Even if a hollow 2008 or 2017-style campaign could work in 2023, Luxon is no Key or Ardern.
Those two cloud-hoppers could promise a “brighter future” or even just “this” and voters would believe them. For a Luxon, like an early Clark or Bolger, substance is going to matter. He has said or done nothing so far to give voters confidence he has any.
The charitable argue that this is just because he spent 16 years out of New Zealand and so lacks the necessary general knowledge to make him intellectually or verbally agile. Others say he really is just an executive with no feel for politics. Eyebrows were raised when he left former Prime Minister Jenny Shipley — who retired a generation ago — as the most senior National Party figure at Waitangi.
The other big problem is that National doesn’t understand David Seymour’s Act party, the Nats’ only credible coalition partner as long as Luxon can’t get them well above 40 per cent.

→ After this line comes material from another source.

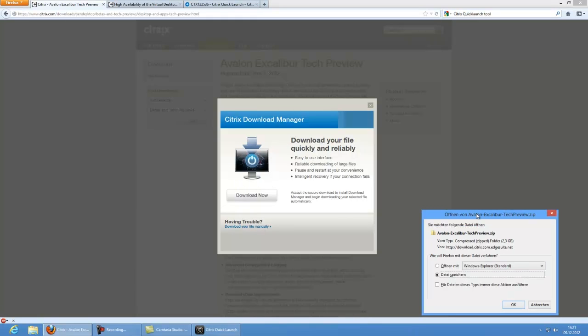Now the license agreement comes up. Accept it and start to download manually or with the download manager. After the download has finished, please extract all the files and run the setup wizard to install the virtual desktop agent. The virtual desktop agent installation will ask you for a desktop delivery controller, so he will ask you for your XenDesktop environment. Try to skip this point or just enter any controller address that you want. It's not necessary for us.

Act has no intention of allowing a 1998-99 situation to emerge, where it felt obliged to support whatever poor Shipley managed to negotiate with the five former NZ First MPs in Mauri Pacific and former Alliance MP Alamein Kopu. Supporting a National-NZ First coalition on confidence and supply is out of the question. If National thinks Act will just rumble along with events, it is mistaken.
Act party leader David Seymour. Photo / Dean Purcell
Seymour and his young, idealistic team have made Act stronger than ever. They say they are not interested in office for themselves. Instead, they want to bequeath New Zealand a genuine classical liberal party that they’ll be able to vote for in their old age. Seymour’s “Road to Real Change” speech this week betrayed growing frustration with National, accusing it of opposing Labour’s policies from Opposition but then bedding them in when in Government.
“They just want to manage [Labour’s policies],” he snarked but not unfairly, “and they always find big Government feels better from the back of a ministerial limo.”
Act strategists say they really do want to end what they see as a distortion of the text of the Treaty of Waitangi, fundamentally improve education opportunities for everyone and radically cut red tape.
They argue they will have made policy promises to their voters, already around one in eight of us. If National won’t allow those promises to be implemented, they’ll tell National it can set up a minority Government, but if it wants to get anything done then it knows Act’s number.
For Act MPs, of which there will be perhaps double the number after October, waiting another three years for real change is preferable to embarrassing themselves again by supporting a Shipley or Key-style Government. Luxon and his team need to wake up.
- Matthew Hooton is a political and public affairs strategist. His clients include the mayor of Auckland. These views, including those on Three Waters, resource management reform and light rail, are his own and may or may not reflect those of the mayor.